Certain preoperative risk factors have been documented to increase hospital costs such as congestive heart failure, renal failure, and reoperative status. These risk factors were shown to be significant. Postoperative complications affiliated with these particular co-morbidities did not occur in the postoperative recovery of the MIDCAB and OPCAB populations. Therefore, one may conclude that the elimination of CPB risks were avoided or significantly reduced in this high-risk population.
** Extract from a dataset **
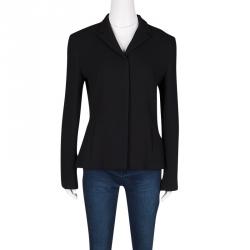 Pre Owned D&G Black Wool Blazer M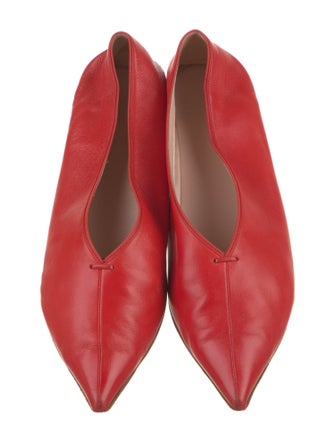 Celine Leather Ballet Flats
A critique of this study might be that it is a nonrandomized, retrospective review and thus is biased in its selected population. Effort was made to develop a homogeneous patient population for comparison. Patients who received single- or double-vessel bypass were reviewed because initial application of the MIDCAB and OPCAB techniques were focused on these patients. Cost analysis components of this study may also be misleading due to the unsophisticated information systems used and nonstandardized definition of category components. Patient cost information was not accessible on the total population, which again may create biases of the presented data. Long-term follow-up is necessary to interpret off-pump results in terms of graft patency and the occurrence of reintervention. Gundry and associates [6], reported a 7-year follow-up comparison between off-pump with limited revascularization and on-pump with full revascularization. Their results show that the off-pump group had a threefold increase in reinterventions. Initial cost and clinical results are certainly promising especially with a high-risk patient.
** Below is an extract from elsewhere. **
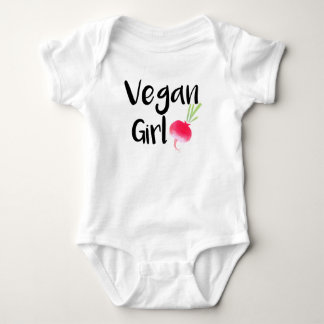 "Vegan Girl" beets baby Bodysuit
Caution must be made in evaluating and recommending new technology or techniques purely on this basis of consumer and payer demands for cost-effective treatments. Our study showed that myocardial revascularization without cardiopulmonary bypass is safe and did not increase the occurrence in mortality or morbid events. Early clinical outcomes would imply that the high-risk patient clinically benefits from either of the two off-pump approaches. Total hospital costs also reflect effectiveness of these two approaches. However, continued evaluation of the techniques with longitudinal outcome analysis is mandatory. Strategies must be focused on the efficacy of this application in the broad-based lower risk population.